Comments and Suggestions for Authors

This paper highlights the sources, consequences and in depth analysis of geothermal explosions in Geyser valley using state of art remote sensing techniques. The article is well presented, but rectifying a few grammatical and other technical aspects will add more value.

Authors are recommended to re-review for proof reading to avoid the following mistakes.

1. Line 22 in abstract needs revision as 'thermally active' seems inappropriate phrase.

Reply: we have rephrased this wording to “thermally active”

2. Line 44 as well as 45 along with 97 need revision for grammer.

Reply: we have rephrased this wording to  “experimental simulations”. We also rewrote the line 45 to “However, the sporadic appearance of geysers and thermal spots, and their disappear-ance and coverage by sediments, has been much less studied. Some systems may be dormant for years and become completely obscured, while others may reactivate again”. Also line 97 was rewritten to “Geysers can be monitored by …”.
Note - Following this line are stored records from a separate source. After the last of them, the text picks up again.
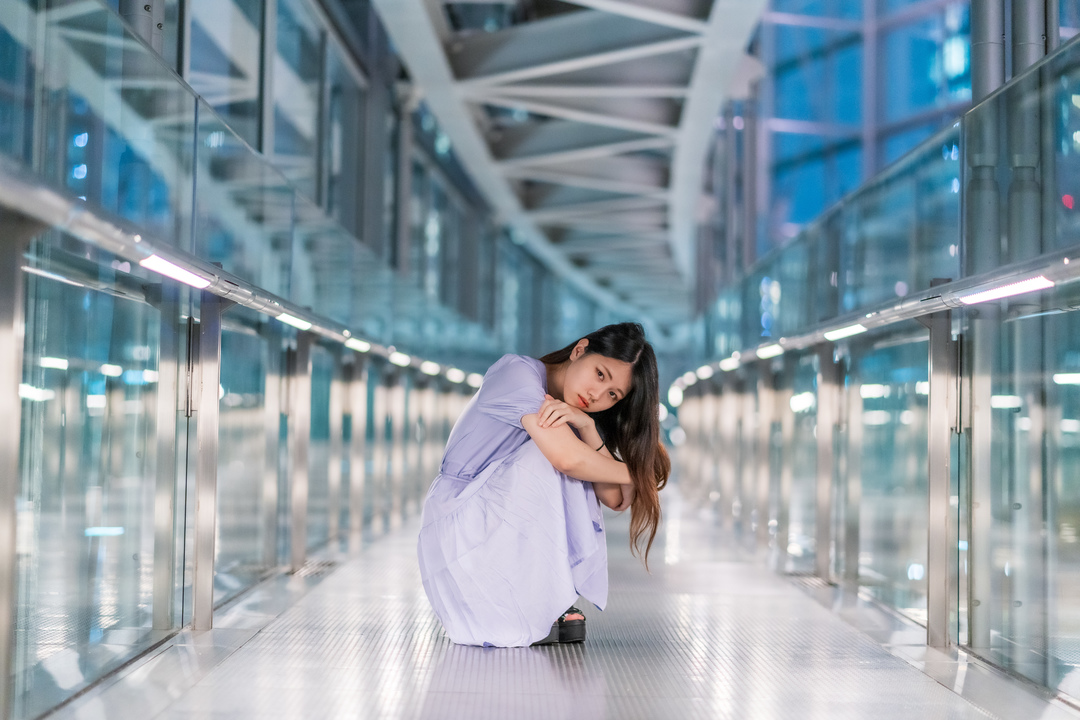 Thumb 7b99f116 ec4d 42d6 8f65 2706d34b681e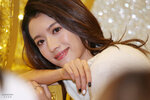 Sisley Choi 蔡思貝 
5D3_1094a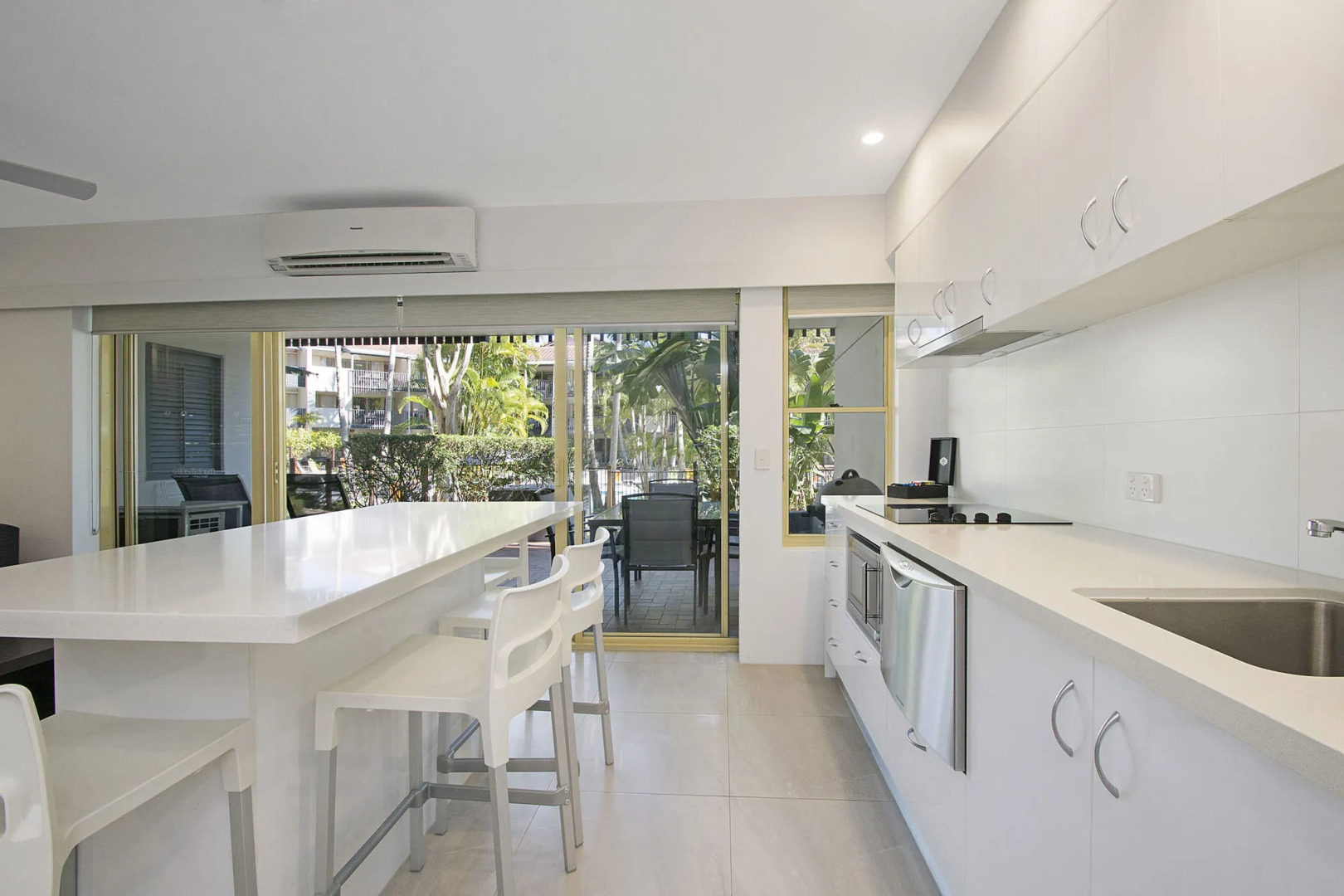 Mantra French Quarter Noosa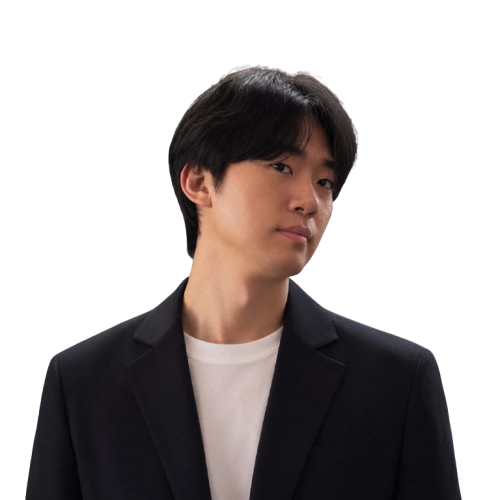 신희도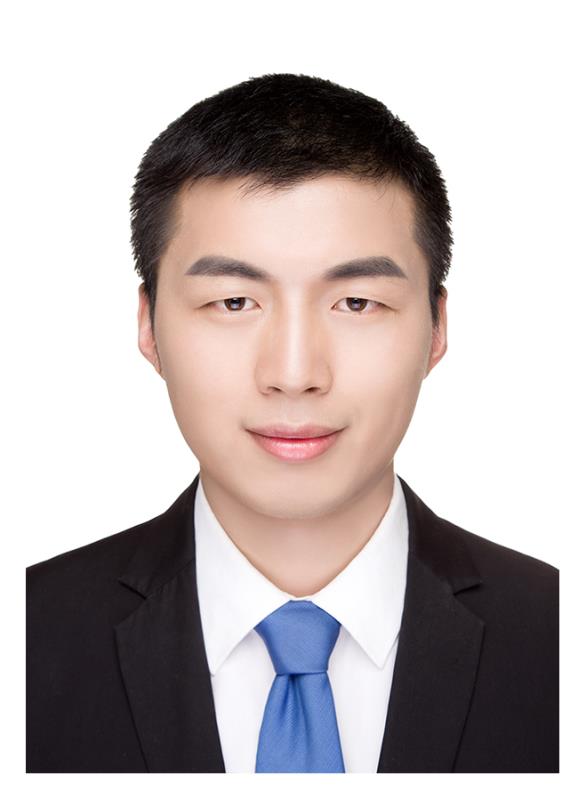 晓牧-李芳镖.jpeg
3. See the units of meter cube and place a space in line 101.

Reply: We double checked the volume and heights and reworded the sentence now.

4. Abbreviated text should be placed once full form has been written/produced. Avoid using the Principal component analysis again and again once the short form has been introduced on line 245.

Reply: We agree and now replaced “Principal Component Analysis” by the abbreviation PCA

5. Authors forgot to place the full stop on line 263.

Reply: Accepted and changes made.

6. Likewise, extra space placed on line 324 needs correction/deletion..

Reply: Accepted and changes made.

7. Authors should add the results/ analysis of PCA in their results/discussion section too.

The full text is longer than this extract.